The House Foreign Affairs Committee heard testimony Wednesday critical of what the Bush administration has called its "new way forward in Iraq."
Rep. Tom Lantos (D-Calif.), who chairs the panel, called for a "sober assessment" of the troop surge and the situation in Iraq. He also described President Bush's new strategy as "a categorical, catastrophic...[and] abject failure." The administration's policy objectives in Iraq are "plainly delusional," Lantos said.
Lantos' comments follow what some war critics described as a "turning point" in the war - a speech Monday by Sen. Richard Lugar, who said it's time to start pulling U.S. troops out of Iraq.
"In my judgment, the costs and risks of continuing down the current path outweigh the potential benefits that might be achieved," said Lugar, who normally toes the Republican line. "Persisting indefinitely with the surge strategy will delay policy adjustments that have a better chance of protecting our vital interests over the long term."
One day later, on Tuesday, Sen. George Voinovich, a Republican from Ohio, also called for the U.S. to start pulling out its troops. Press reports were quick to seize on the idea that the two Republican had turned against Bush's war strategy.
Retired Major General John Batiste, who helped plan the Iraq war and later criticized Defense Secretary Don Rumsfeld's wartime leadership, testified before Lantos' committee on Wednesday. He agreed that "the current 'surge' in Iraq is too little, too late," and "lacks strategic focus."
Batiste also criticized the administration's broader efforts, saying, "Our Army and Marine Corps are at a breaking point with little to show for it...our nation has yet to mobilize to defeat a very serious threat which has little to do with Iraq, and it is past time to refocus our national security strategy and begin the deliberate withdrawal of U.S. forces from Iraq."
Batiste called the Bush administration's goal of establishing freedom and democracy in the Middle East "noble, but completely unrealistic.
"Democracy is inconsistent with the tribal and religious culture in the region," he said.
Frederick Kagan, a scholar at the American Enterprise Institute whose report "Choosing Victory: A Plan for Success in Iraq" served as the basis of the new counterinsurgency strategy, gave a cautiously positive evaluation of the surge in his testimony before Lantos' committee.
"It is now beyond question that the Bush administration pursued a flawed approach to the war in Iraq from 2003 to 2007," Kagan said.
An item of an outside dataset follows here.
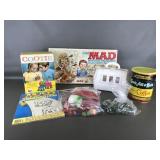Vtg Cootie, Mad Magazine Game + More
But "to say that the current plan has failed is simply incorrect....Indications on the military side strongly suggest that success -- in the form of dramatically reduced violence by the end of this year -- is quite likely."
Kagan said it would be a "very grave error indeed to rush now to abandon the first strategy that offers some real prospect for success."
Kagan added that though President Bush announced his new strategy in January of this year, and reinforcement brigades began arriving in Iraq over the winter and spring, the operations that are designed to clear out insurgent activity in Baghdad have not yet begun in earnest.
Kagan testified that "a successful clear-and-hold operation...will probably begin in late July or early August within Baghdad itself." He said that operation will be the one to bring lasting security to Iraq's capital -- creating "the space for political progress that we all desire."
John Pike, director of GlobalSecurity.org, told Cybercast News Service that although it's too soon to call the troop surge strategy a failure, it's also "too soon to call the surge a success."
He also criticized the idea of withdrawing troops because of the possibility that such a scenario would result in "genocidal civil war...fueled internally by the competition for control of oil, and drawing in neighboring countries."
General David Petraeus, head of the multi-national forces in Iraq, will give a comprehensive review of the war effort in September, and his findings are expected to determine whether the United States begins to withdraw forces from the nation.